• **TASK REQUIREMENTS**: Copy out precisely the lines of the material that follows, beginning with the line containing "Liebherr A922 Rail" and ending with its last line; exclude pictures.

• **DATA PROVIDED**:
——————
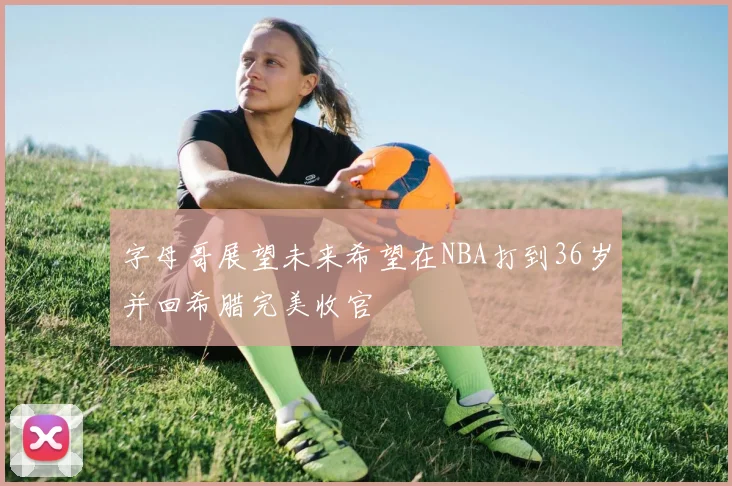 字母哥展望未来希望在NBA打到36岁并回希腊完美收官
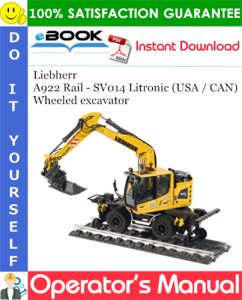 Liebherr A922 Rail - SV014 Litronic (USA / CAN) Wheeled excavator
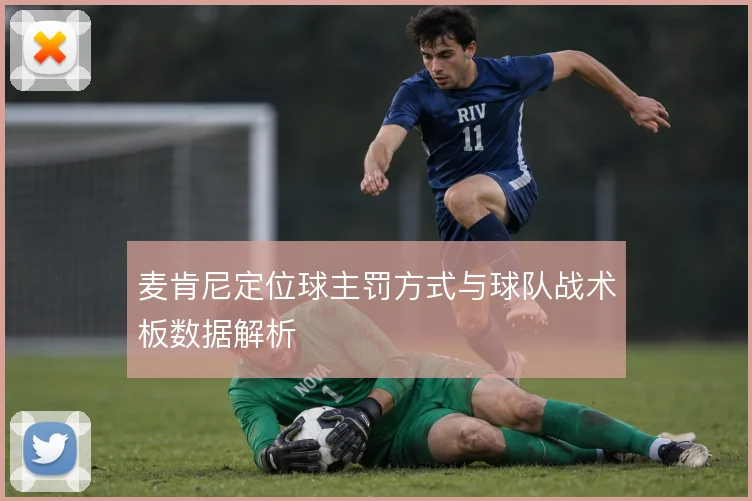 麦肯尼定位球主罚方式与球队战术板数据解析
——————
• **EXERCISE RESPONSE**:
 Liebherr A922 Rail - SV014 Litronic (USA / CAN) Wheeled excavator
 麦肯尼定位球主罚方式与球队战术板数据解析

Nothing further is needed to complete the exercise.